You can switch between different projects at any time, for example:
- One project has AI creating comics for you
- Another project uses local Claude Code to write code
- Yet another project builds a sensitive word filtering bot
Each project's context is completely independent and non-interfering. This design makes multi-task parallel processing highly efficient. From a technical perspective, this project isolation mechanism ensures that each agent's conversation Context doesn't contaminate others—LLM output quality is highly dependent on context accuracy, and if multiple unrelated tasks share the same chat window, the model easily becomes confused and hallucinates. The independent window design fundamentally prevents this problem.
Agent Types and Workflow Building Guide
Coze offers multiple Agent types for users to choose from. While most advanced types currently require VIP access, the platform provides limited-time free options for trial.
When creating a project, you can select different agent combinations. When you assign Coze a task, it will:
- Automatically decompose the task: Break complex tasks into multiple sub-steps
- Execute sequentially: Complete steps in logical order
- Self-check and correct: Automatically inspect and retry when issues arise
- Iterate and optimize: Repeatedly adjust based on results until satisfactory
This automated task orchestration capability is essentially the core value of intelligent agents—you only need to describe the goal, and AI plans and executes the path. The key technologies behind this include Task Decomposition, Chain-of-Thought reasoning, and Function Calling. The model first breaks down the user's high-level goal into executable atomic tasks, then sequentially calls corresponding tools or sub-models to complete each step, finally aggregating results for output.

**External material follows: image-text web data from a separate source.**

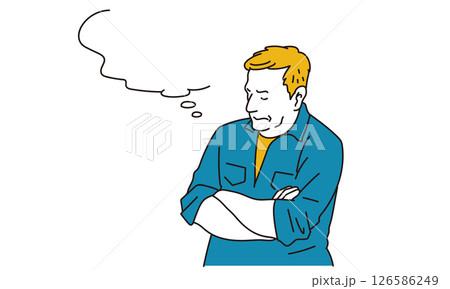 腕組をして考える欧米人男性のイラスト素材 126586249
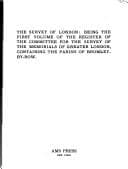 Tapa de The Survey of London: being the first volume of the register of the Committee for the Survey of the Memorials of Greater London, containing the Parish of Bromley-by-Bow
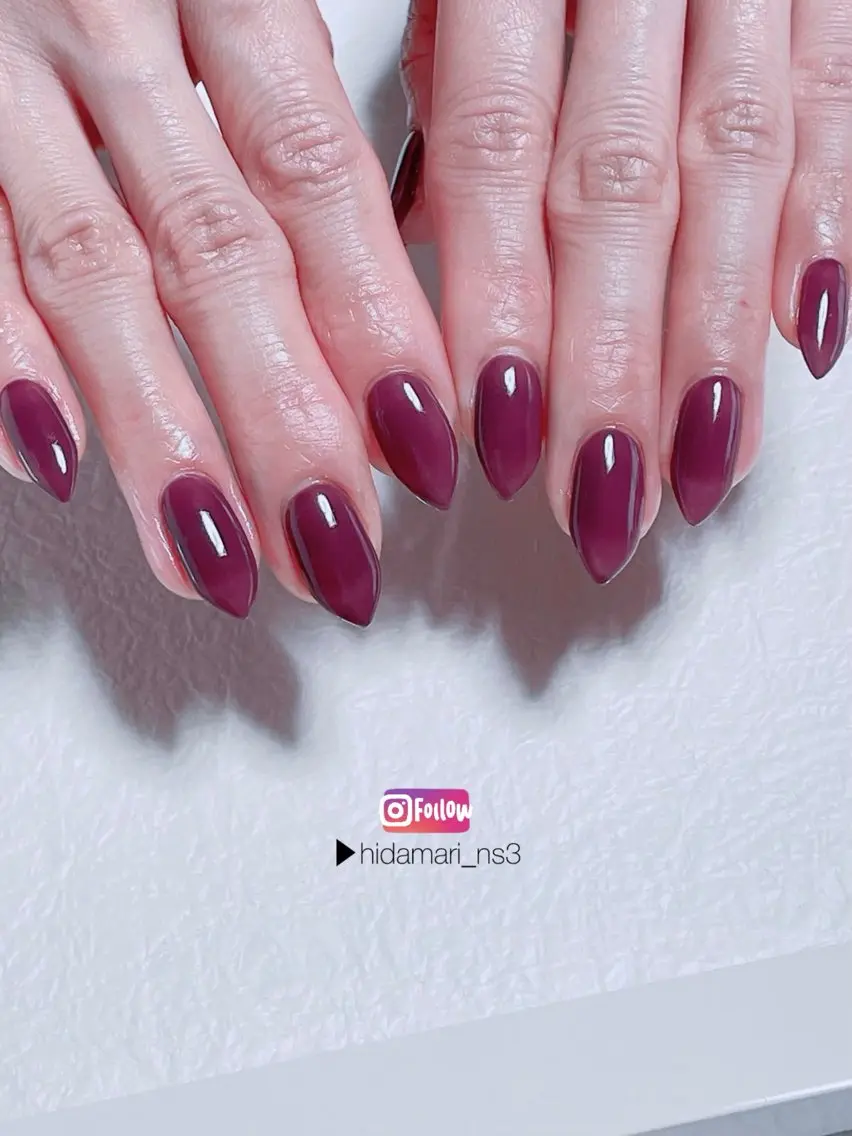 ネイル ワンカラーネイル パープル ハンドネイル NailSalon ひだまりのネイルデザイン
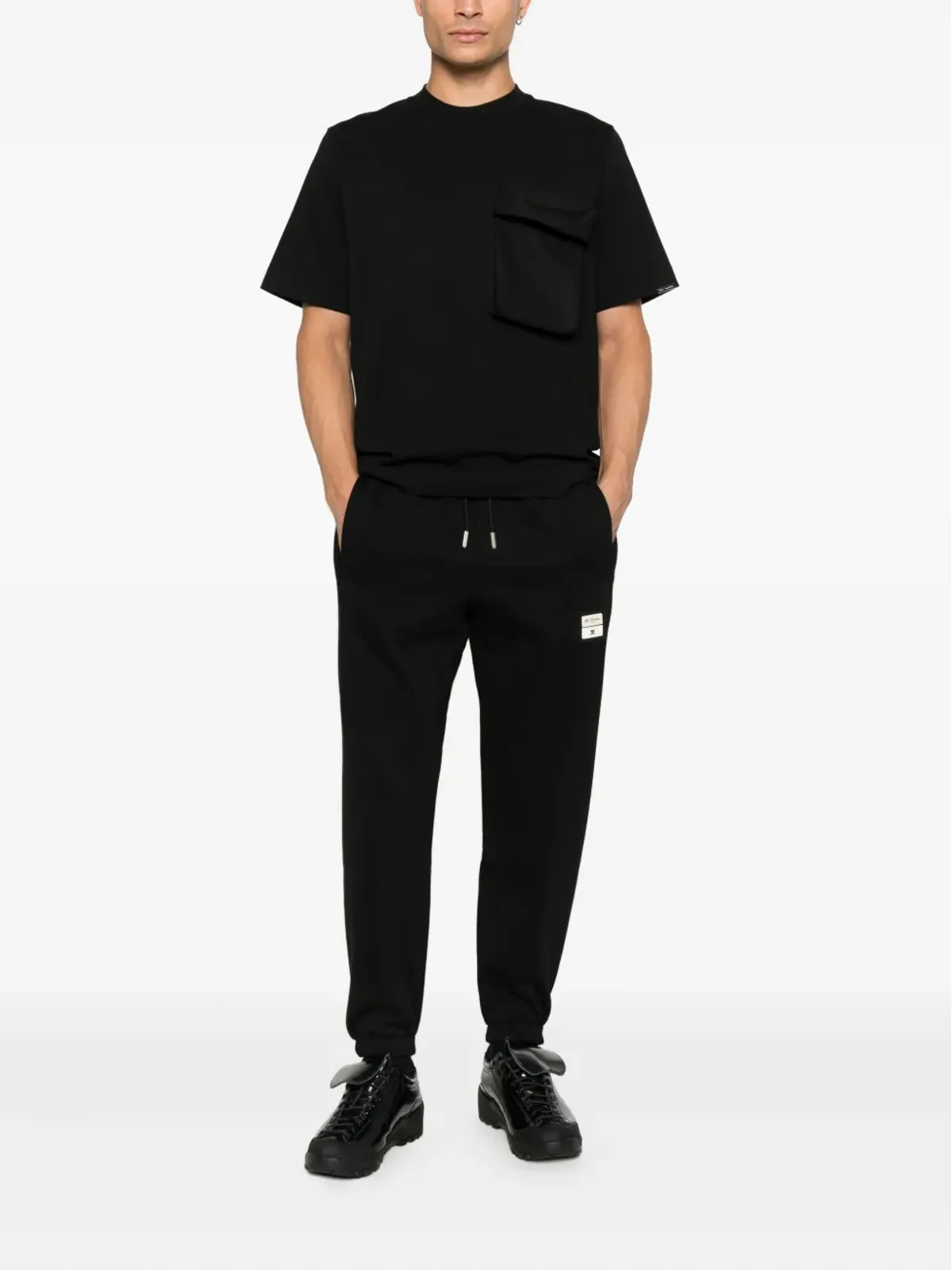 YES LONDON drawstring-waist logo-patch track pants - Black - 画像2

Workflows are another form of intelligent agents, just with a different interaction method. Through visual workflow building, you can more precisely control AI execution logic—ideal for standardized, reusable business scenarios. Workflow design philosophy originates from traditional BPM (Business Process Management), typically including LLM call nodes, conditional judgment nodes, code execution nodes, API call nodes, and more. Compared to purely conversational agents, workflows offer controllable execution paths, predictable results, and easier debugging and reuse. For standardized tasks that need repeated execution—such as automatically scraping industry news daily and generating summaries, or periodically detecting website content changes—workflows are a more reliable choice than conversational agents.
Beginner Tips and Summary
As ByteDance's intelligent agent collaboration platform, Coze's greatest value lies in lowering the barrier to AI application development. It enables non-technical users to build fully functional agents while providing developers with advanced capabilities like local tool integration and multi-Agent collaboration.
For users looking to get started with Coze, here's a recommended progression:
- Read Coze's official documentation first to build overall understanding
- Use daily free credits for small practice projects
- Try connecting local Claude Code (free for a limited time)
- Gradually explore workflows and multi-agent collaboration patterns
Note that credit consumption is currently the biggest limiting factor. It's recommended not to rush into VIP subscription before familiarizing yourself with the platform—first make the most of your free allowance. In today's rapidly iterating AI tool landscape, the most rational strategy is to thoroughly validate whether a platform matches your needs using free resources before deciding whether to invest in paid plans.